*** Opening of DATA TO EXAMINE ***

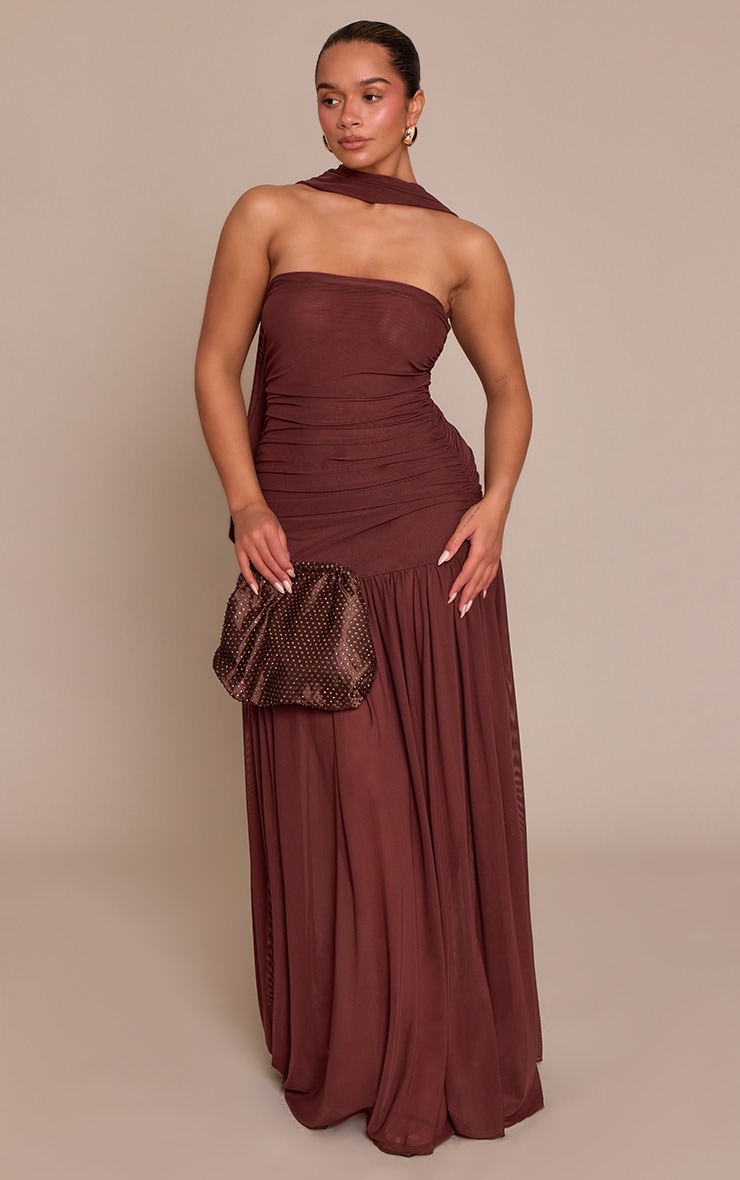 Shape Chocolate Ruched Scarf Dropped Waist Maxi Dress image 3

*** Close of DATA TO EXAMINE ***
*** Opening of DATA TO EXAMINE ***

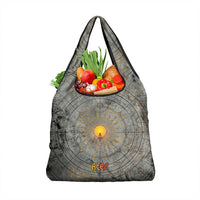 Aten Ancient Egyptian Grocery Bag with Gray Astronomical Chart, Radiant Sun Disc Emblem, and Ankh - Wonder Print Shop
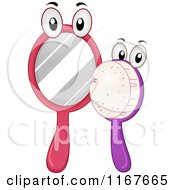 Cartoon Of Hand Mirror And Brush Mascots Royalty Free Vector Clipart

*** Close of DATA TO EXAMINE ***

- INSTRUCTIONS TO FOLLOW:
Set down again, word for word, every line from the one with "Aten Ancient Egyptian" to the one with "Cartoon Of Hand" in the entries above, and omit the pictures.

- RESULT BELOW:
 Aten Ancient Egyptian Grocery Bag with Gray Astronomical Chart, Radiant Sun Disc Emblem, and Ankh - Wonder Print Shop
 Cartoon Of Hand Mirror And Brush Mascots Royalty Free Vector Clipart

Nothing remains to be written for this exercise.